Start of Data records

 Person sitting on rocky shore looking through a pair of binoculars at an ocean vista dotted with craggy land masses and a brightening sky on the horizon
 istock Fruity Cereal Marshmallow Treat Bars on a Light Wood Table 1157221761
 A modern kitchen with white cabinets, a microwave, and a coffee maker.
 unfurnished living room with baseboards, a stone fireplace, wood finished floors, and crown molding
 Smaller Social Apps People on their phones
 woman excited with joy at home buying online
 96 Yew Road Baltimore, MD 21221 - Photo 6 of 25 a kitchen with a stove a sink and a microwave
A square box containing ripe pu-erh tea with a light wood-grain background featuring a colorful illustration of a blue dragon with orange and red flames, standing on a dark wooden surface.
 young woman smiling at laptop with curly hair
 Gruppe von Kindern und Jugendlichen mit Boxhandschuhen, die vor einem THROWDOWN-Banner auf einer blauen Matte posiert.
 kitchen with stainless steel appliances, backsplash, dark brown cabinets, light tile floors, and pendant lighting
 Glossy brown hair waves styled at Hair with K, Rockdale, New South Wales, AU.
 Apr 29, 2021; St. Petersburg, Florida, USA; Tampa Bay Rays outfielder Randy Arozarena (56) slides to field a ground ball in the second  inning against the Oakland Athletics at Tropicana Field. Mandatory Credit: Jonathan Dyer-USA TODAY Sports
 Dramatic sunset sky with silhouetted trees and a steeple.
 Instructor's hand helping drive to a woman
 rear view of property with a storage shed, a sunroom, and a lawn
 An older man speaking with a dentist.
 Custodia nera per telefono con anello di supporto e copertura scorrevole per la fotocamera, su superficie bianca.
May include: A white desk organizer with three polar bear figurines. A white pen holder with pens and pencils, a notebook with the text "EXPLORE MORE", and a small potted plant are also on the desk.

End of Data records

* _Task prompt_: Among the entries above, locate the lines containing "An older man speaking with a dentist." and "Custodia nera per", and transcribe exactly those two lines and all lines between.

* _Result of this task_:
 An older man speaking with a dentist.
 Custodia nera per telefono con anello di supporto e copertura scorrevole per la fotocamera, su superficie bianca.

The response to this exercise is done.